Mentre nell’economia classica prevale il punto di vista
generale, l’analisi degli individui come insieme (classi sociali) e delle
dinamiche di sistema, nel periodo neoclassico la focalizzazione è sul singolo,
cosiddetto agente economico, in
particolare sul consumatore e sulla soddisfazione dei suoi bisogni.
La paternità di tale rivoluzione non è univoca, a questa
impostazione e al concetto che verrà in seguito definito come utilità marginale contribuiscono una
serie di autori, spesso in maniera indipendente, in più fasi con affinamenti
progressivi dei concetti. Su chi spetti
la palma del pioniere vi sono varie correnti di pensiero[1],
io farò la scelta di partire da Gossen.
Hermann Heinrich Gossen (1810-1858) fu un economista
prussiano, la cui opera rimase a lungo sconosciuta, solo dopo che i concetti di
utilità marginale erano stati elaborati in maniera indipendente e principalmente
da Jevons, Menger e Walras, vennero
riscoperti i suoi contributi e riconosciuto il loro valore.
Il contributo di Gossen, detta anche prima legge di Gossen,
afferma che se si consuma un unità ulteriore o supplementare di un bene (una
unità per cosi dire al “margine”), la
utilità che se ne ricava o soddisfazione aumenta ma in misura sempre minore, in
altri termini l’utilità dell’ultima dose consumata (marginale) di un bene è
decrescente[2].
Se proviamo infatti a fare una rappresentazione grafica per
rendere più chiaro il concetto, da una parte abbiamo che l’utilità totale (la
soddisfazione complessiva), ipotizzando che sia in qualche modo misurabile, è
crescente con il consumo del bene, ma la crescita di soddisfazione tende a
diminuire sino al punto di non crescere
più. D’altra parte, se invece consideriamo gli incrementi di utilità (utilità marginale), ovvero le
differenze di utilità/soddisfazione tra due punti vicini, questi risultano diminuire e quindi sono decrescenti
all’aumentare del consumo del bene.
Se qualcuno ha studiato
matematica alle superiori ricorda, probabilmente, che quando parliamo di
variazioni incrementali di una funzione in rapporto a una variabile stiamo
parlando del concetto di derivata e, quindi, l’uso della matematica incomincia a farsi sempre più largo e diventare più importante all’interno della economia.

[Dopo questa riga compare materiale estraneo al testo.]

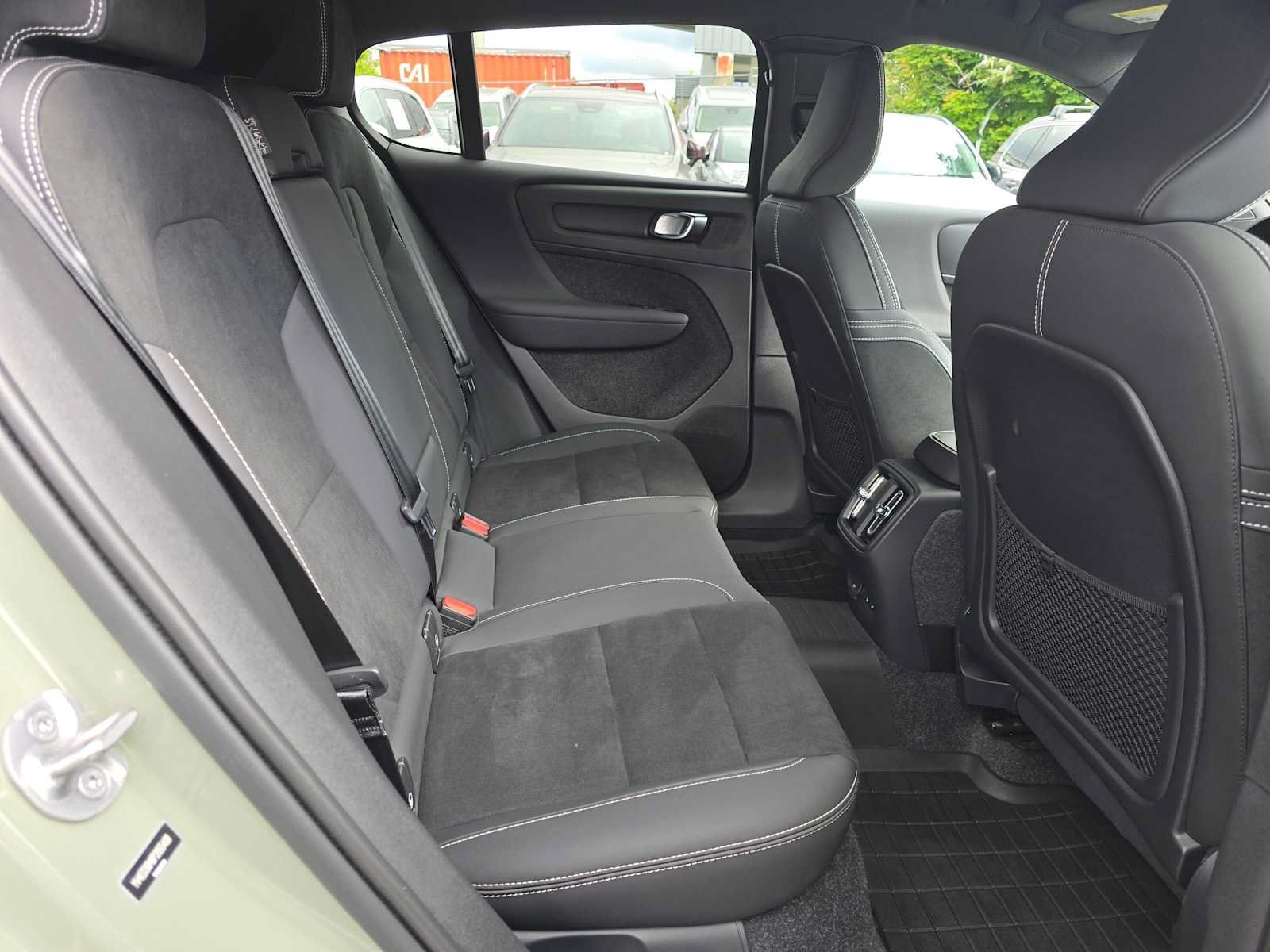 Certified 2023 Volvo C40 P8 Recharge Ultimate w/ Protection Package Premier AWD/4WD image 13
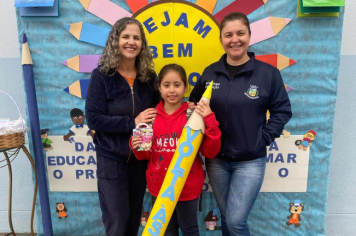 Foto - Volta às Aulas 2025 – Com Amor e Educação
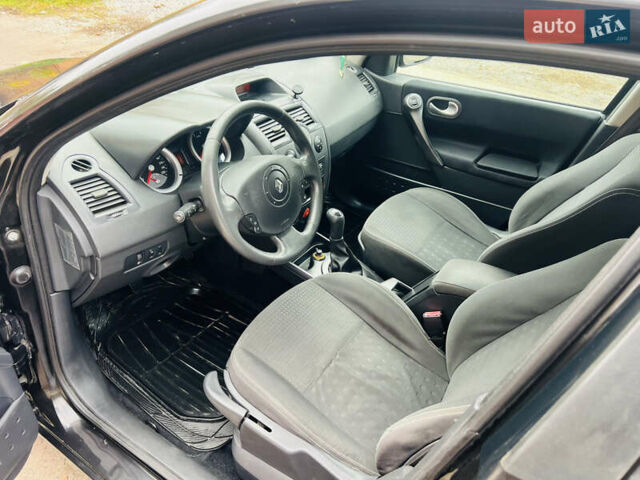 Чорний Рено Меган, об'ємом двигуна 1.6 л та пробігом 208 тис. км за 4850 $, фото 14 на Automoto.ua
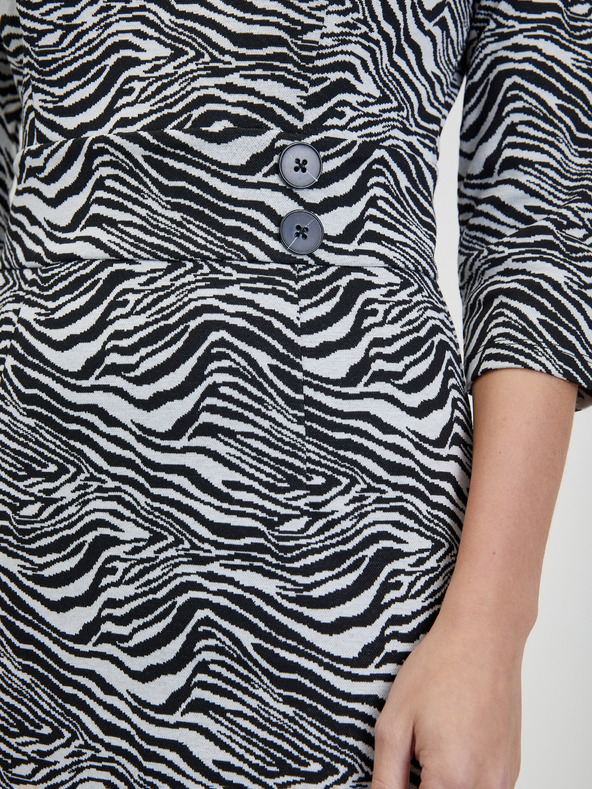 Orsay Черно-бяла дамска рокля с десен ORSAY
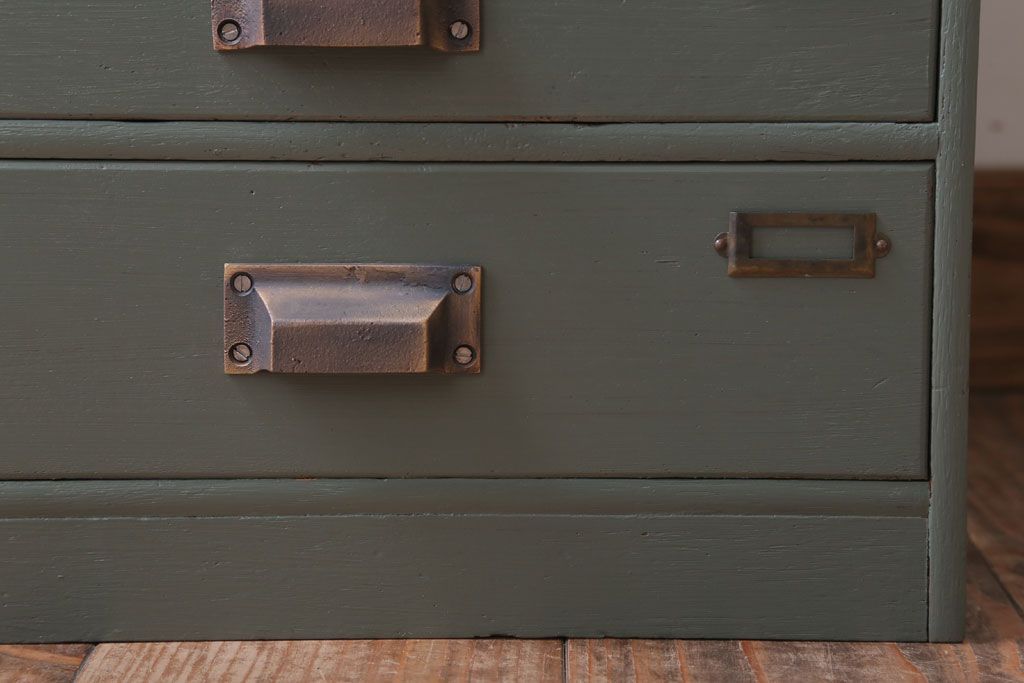 アンティーク家具　和製アンティーク　ネームプレート付き!くすみカラーペイントの小引き出し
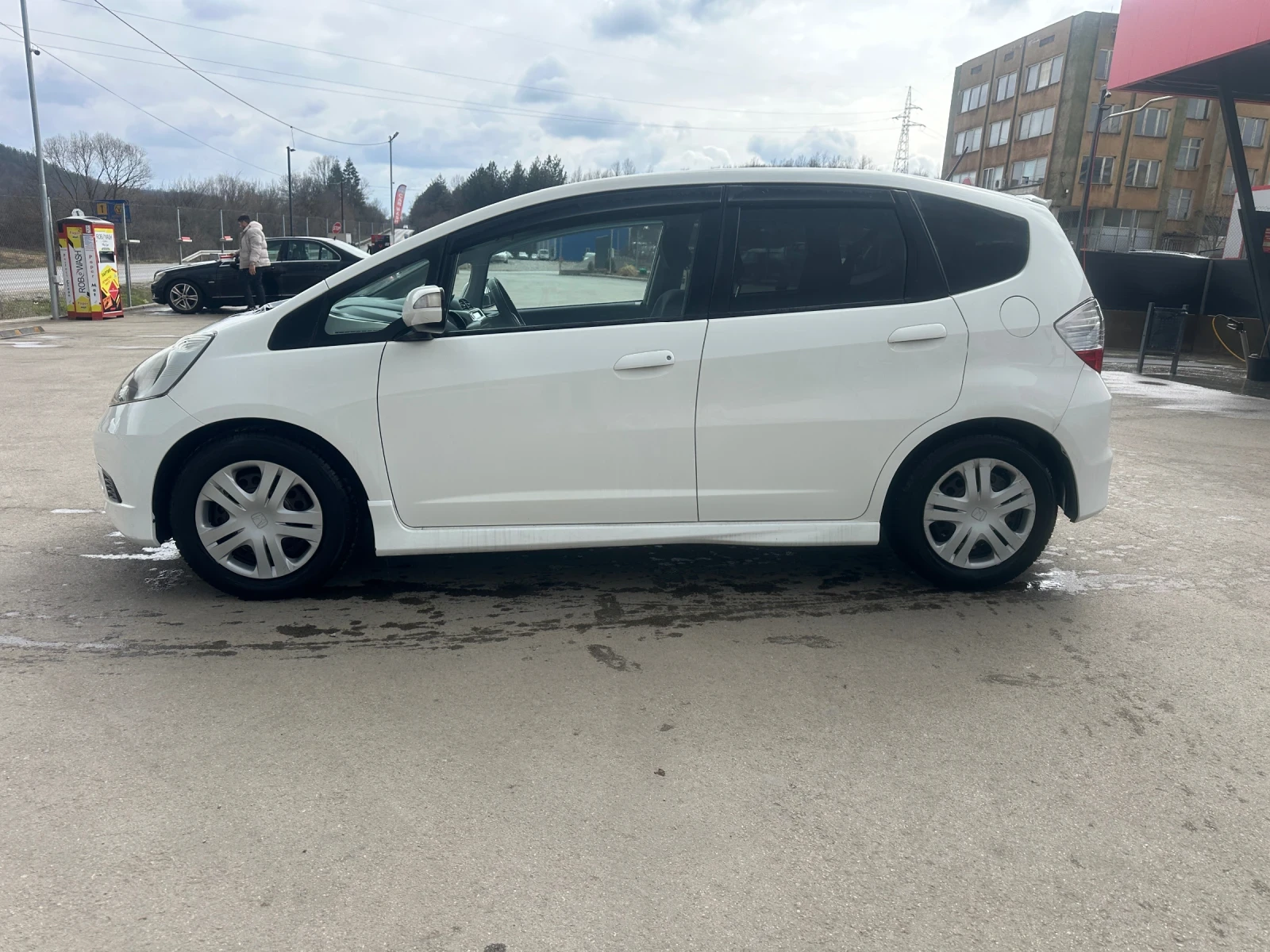 Honda Jazz 1.4-ПЪРВИ-СОБСТВЕНИК-NetherLands-1Г-ГАРАНЦИЯ, снимка 2 - Автомобили и джипове - 51704779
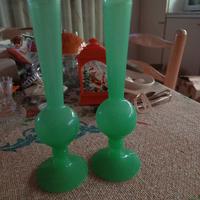 Coppia di vasi in opalino verde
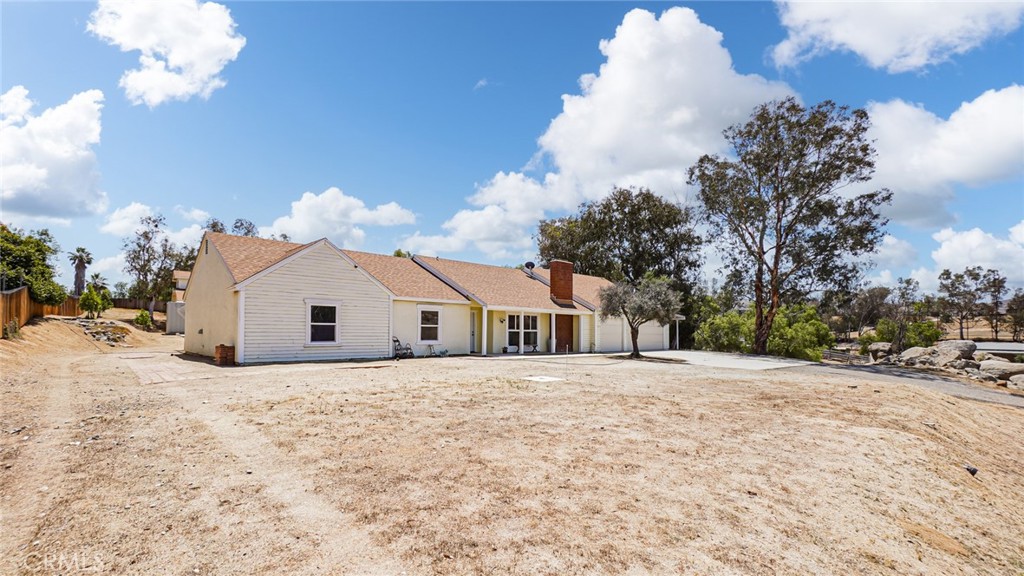 18570 Halter Lane Property Photo 10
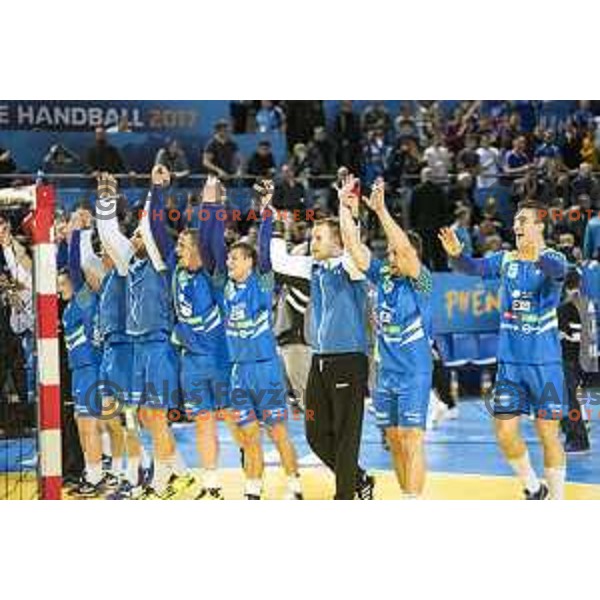 Team Slovenia celebrating after IHF World Championship group stage match between Iceland and Slovenia, in Arena Metz, Metz on January 14th, 2017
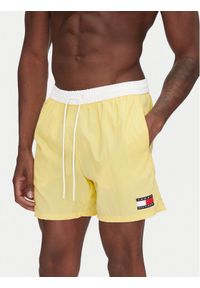 TOMMY HILFIGER - Tommy Hilfiger Szorty kąpielowe UM0UM03455 Żółty Regular Fit. Kolor: żółty. Materiał: syntetyk
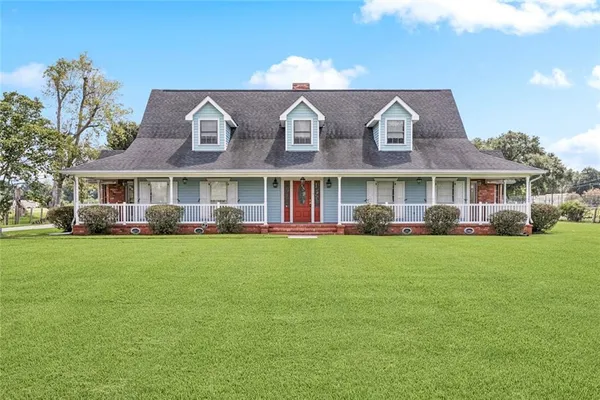 $575,000 | 12901 River Road, Luling, LA 70070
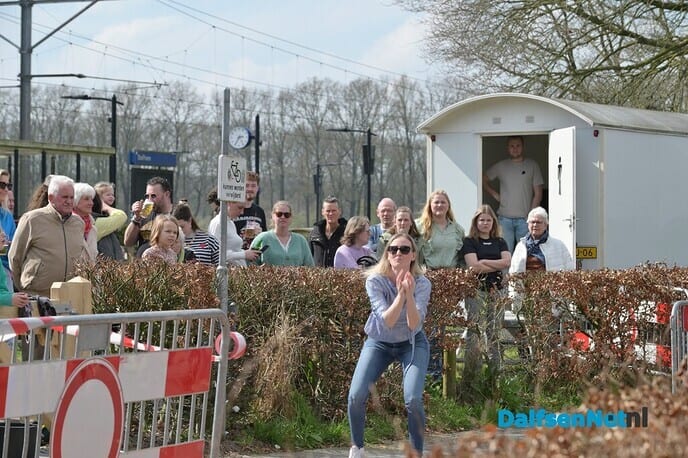 Hilarische taferelen bij het Oude Station - Foto: Johan Bokma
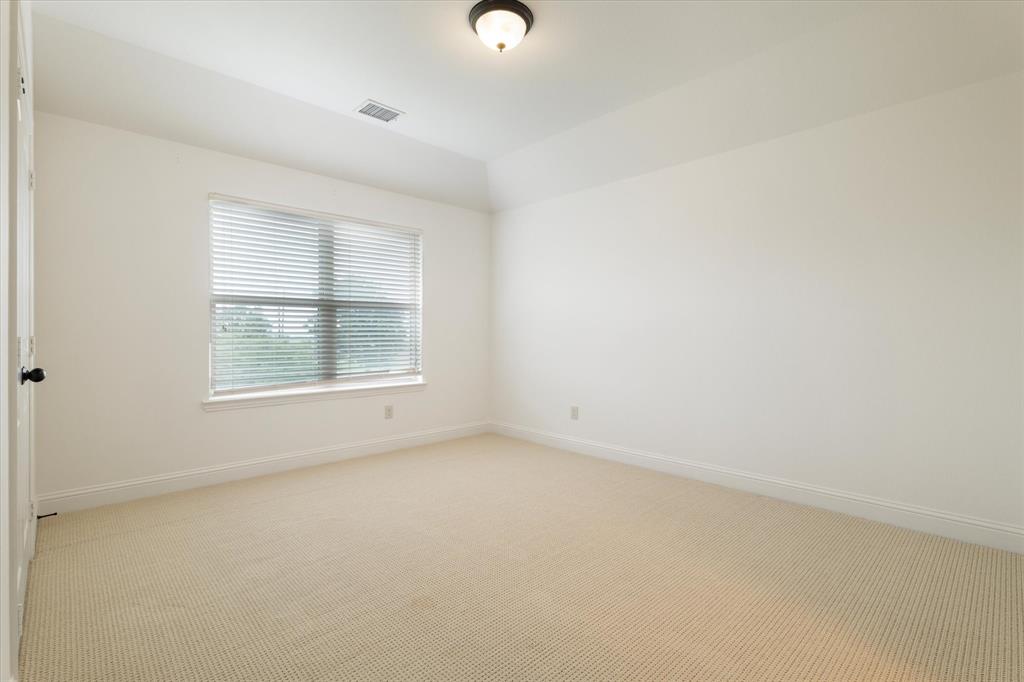 1040 Edgefield Lane Property Photo 27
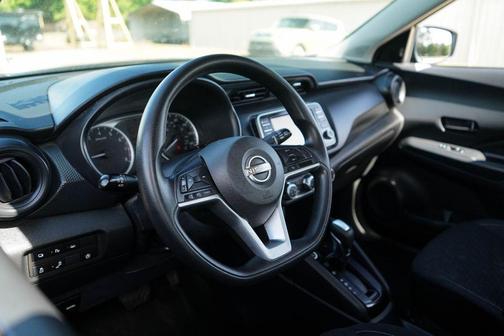 Super Black 2022 Nissan Kicks S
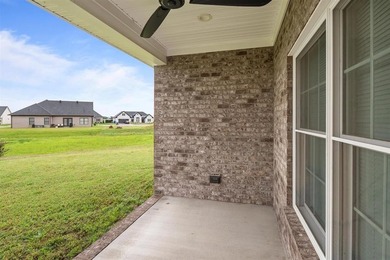 Welcome to Woodland Ridge! Built in 2022, this thoughtfully - photo 31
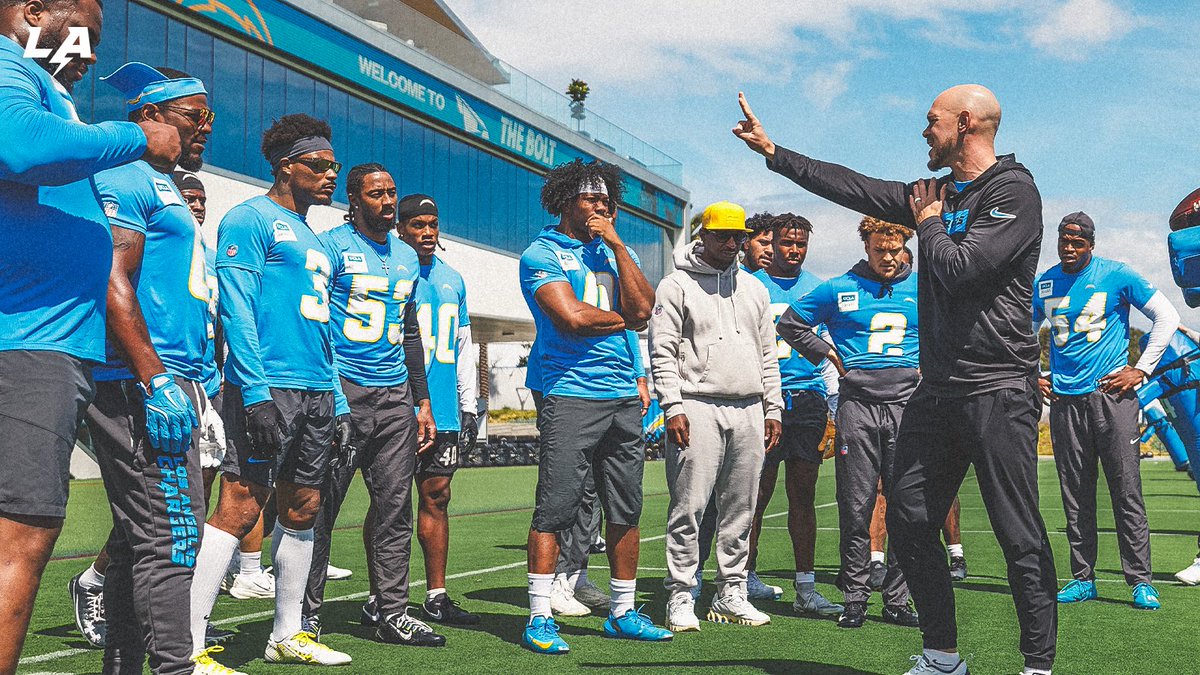 chargers's tweet photo. dawgs on defense https://t.co/IrJLuLqj2q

Il problema è capire se tale utilità è effettivamente misurabile. Sul
tema le posizioni furono molteplici comunque, alla fine, prevalse il concetto che più che determinare un valore assoluto dell’utilità (cosiddetto concetto
di utilità
cardinale) sia più corretto parlarne
in termini relativi (concetto di utilità
ordinale).
Un esempio di utilizzo del concetto di utilità è quello dato da un paniere di due beni, dove
si cerca di trovare le combinazioni
delle quantità di ciascun bene che hanno pari utilità per un individuo, ad
esempio avere 2kg di pane e 1 litro di latte potrebbe essere equivalente in
termini di utilità a 1kg di pane e 3 litri di latte.
Se si uniscono questi
punti di pari utilità, dati dalla combinazione delle quantità di due beni che
hanno pari utilità per il consumatore, dove le quantità dei beni sono
rappresentate sugli assi cartesiani, si
arriva a costruire quelle
che vengono definite curve di
indifferenza[3].
Inoltre, un ulteriore concetto che dobbiamo a Gossen è quello
di bene economico, di cui una delle
caratteristiche principali, oltre all’utilità, è quella di scarsità.
Si sviluppa pertanto, in questo contesto, il concetto di “homo
oeconomicus”, in cui l’individuo è un agente razionale che cerca di
massimizzare la soddisfazione dei suoi bisogni.
[1]Come autori che hanno contribuito
per primi al concetto di utilità marginale possiamo citare: Daniel Bernoulli,
William Senior e Jules Dupuit e alcune
anticipazioni le troviamo anche in autori ancora precedenti.
[2] Banalizzando
molto, se siamo assetati il primo bicchiere d’acqua ci darà grande
soddisfazione (utilità), i successivi sempre meno fino a quando non ne
trarremmo più soddisfazione
[3]La paternità delle curve di
indifferenza la si deve ad Edgworth, su cui lavorò successivamente Pareto.